Secure boot in IoT security: All you need to know

07 Jun 2021
Ewon
Secure boot ensures the security of an IoT device from the very moment the object is powered on. Find out why secure boot and the associated chain of trust are important for IoT security.

In our increasingly connected world, the proliferation of IoT devices across industries, including healthcare, agriculture, and smart cities, emphasizes the critical need for robust cyber security measures. The rapid growth of IoT and Industrial IoT has unveiled vulnerabilities in security implementation, with the secure boot process emerging as a pivotal concern. Imagine an IIoT device booting on tampered code—a scenario that renders higher-layer protections ineffective. This blog explores the imperative of secure boot in IIoT.

Secure boot : Securing an IoT device at the very moment the object is powered on 

Executing trusted and authentic code starts with securely booting the device. Secure boot is the process that ensures that only genuine, manufacturer-validated software runs on the device. Without Secure boot, a malicious actor could load its own Operating System or spoofed software into the device or even intercept secrets by interfering between the various stages of boot.
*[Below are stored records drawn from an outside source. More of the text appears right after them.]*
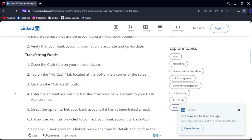Transferring funds: Open your Cash App on your mobile device. Tap on 'My Cash' tab located at the bottom left corner of the screen. Click on the 'Add Cash' button.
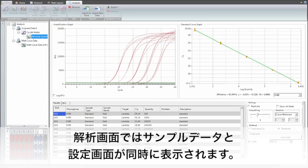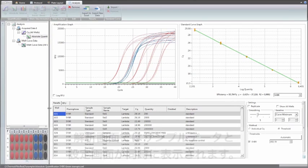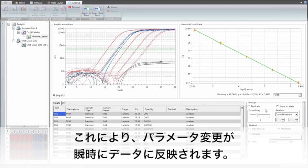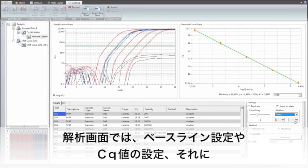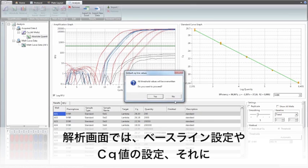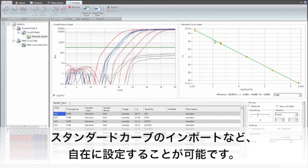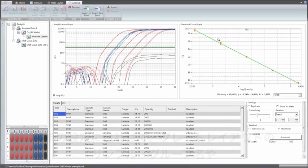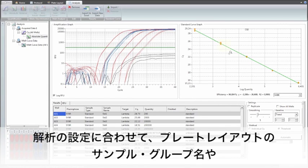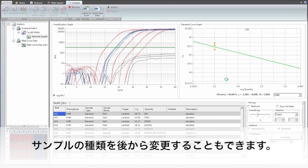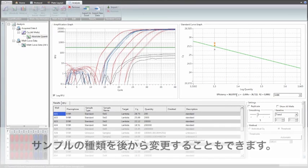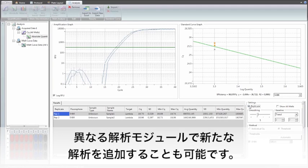The analysis can also be limited to a group of samples to compare different analysis settings on the same plate. In the analysis view, both sample data and settings are placed on the same page, so the effect of parameter changes can be seen instantly. The flexibility in the analysis settings includes, for example, different options for baselining and CQ determination, as well as a standard curve import function. The overall flexibility in the analysis stage allows changes in the plate layout, such as renaming, regrouping, and recharacterizing the samples, and then running new analyses using the different modules.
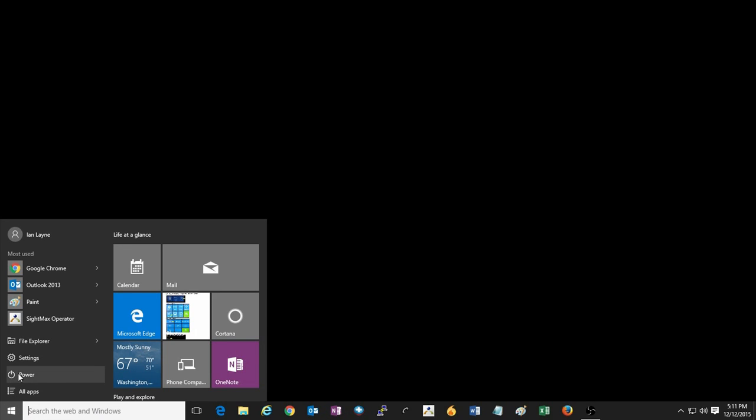To start this process, click on the Start button at the lower left corner of your screen and then click on Settings to open the Settings menu.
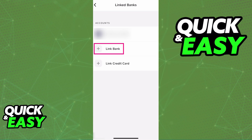Inside of Linked Banks, tap the option to link a bank. If you do not see the plus sign next to Linked Bank and you don't see that option anywhere, that means your account is not properly set up. Go back to the home screen and make sure your account is verified and all the identification is done.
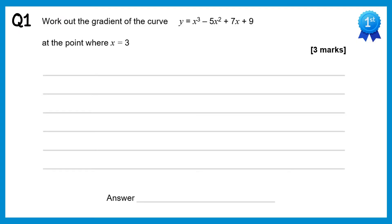In this video we're going to go through the solutions to the questions on differentiation with gradients, tangents and normals. As usual you can find a copy of the questions in this video's description.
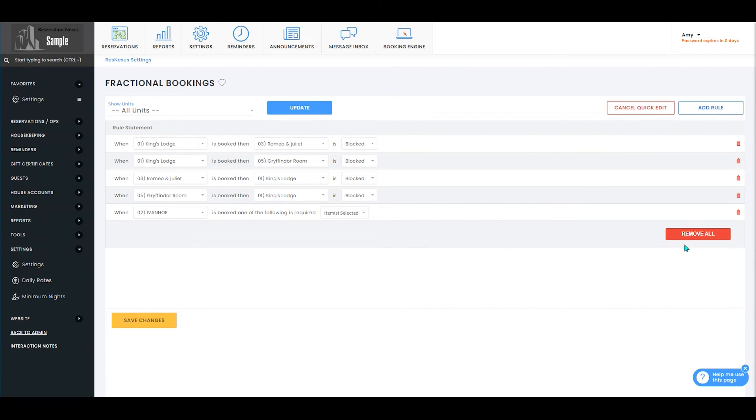You also have the option to remove all of your rules. This cannot be undone, so make sure you don't click it if you do not want to remove all of your rules.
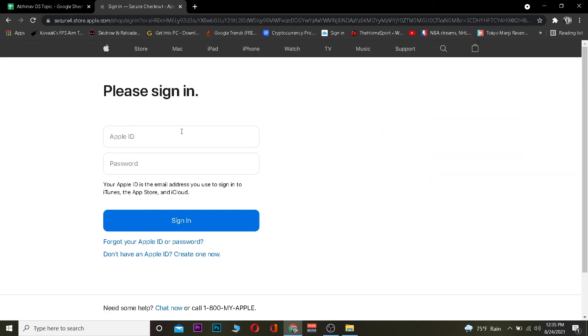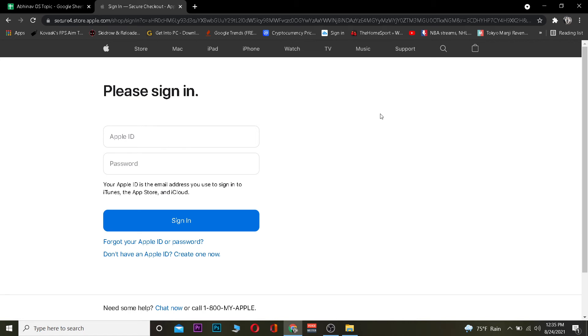Once you click sign in, it's going to take you to the page where it asks for your Apple ID and password. Enter your Apple ID and password, then click sign in and you should be able to log in to your Apple account. If for some reason you're not able to log in to iTunes, your Apple ID or password is incorrect, so make sure to double-check them and enter the correct ones.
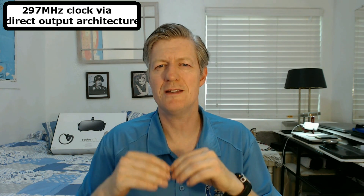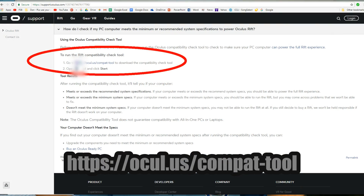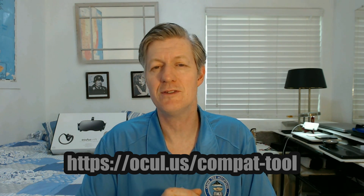And have at least 4 gigs of graphics memory. The tricky part is this direct output architecture. Many manufacturers do not label their video cards or gaming laptops whether they actually support direct output architecture. What you can do is go to this web page listed here, or go to the description, and download the Oculus Rift compatibility tool, then run it on the machine and it'll tell you whether your hardware is up to speed.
With the choice of an i.MX processor and its High Assurance Boot (HAB) functionality, and thanks to the SE050, the Ewon Cosy+ remote access gateway offers a fully secure boot sequence guaranteeing that only Ewon-signed code is executed.

High assurance boot

High Assurance Boot is based on asymmetric cryptography algorithms called signatures in which image data is signed offline using a private key. The resulting signed image is then verified on the i.MX processor using the corresponding public keys.

Public keys on the i.MX are made unalterable thanks to electrically programmable fuses (eFuses) that can’t be modified after programming.

How does the Secure boot work?

Two prerequisites are necessary:

- The elements to be identified are signed by the private keys of Ewon.
- The hashed version public keys (SHA256 SRK) used to verify this signature are written in the eFuses.

On boot, the (not tamperable) bootROM code checks the eFuses status to choose only the secure boot method. The bootROM fetches the boot loader itself, its signature and the public key used to sign it. It computes the hash of the public key and checks it against its own hash version burnt in the eFuses (SHA256 SRK) to determine it may verify the signature.

Only if public keys match, the signature is checked. If the signature matches, the boot loader is then loaded. The boot loader uses the same approach to load a signed Linux which in turn launch the signed Ewon application.

Secure boot and chain of trust

This previously described sequence of verification is the "chain of trust". Any interruption in this chain, i.e. any lack of signature verification, results in the failure of the boot process.

Again, we can see that the Ewon Cosy+ remote access gateways implements even the most advanced hardware security measures.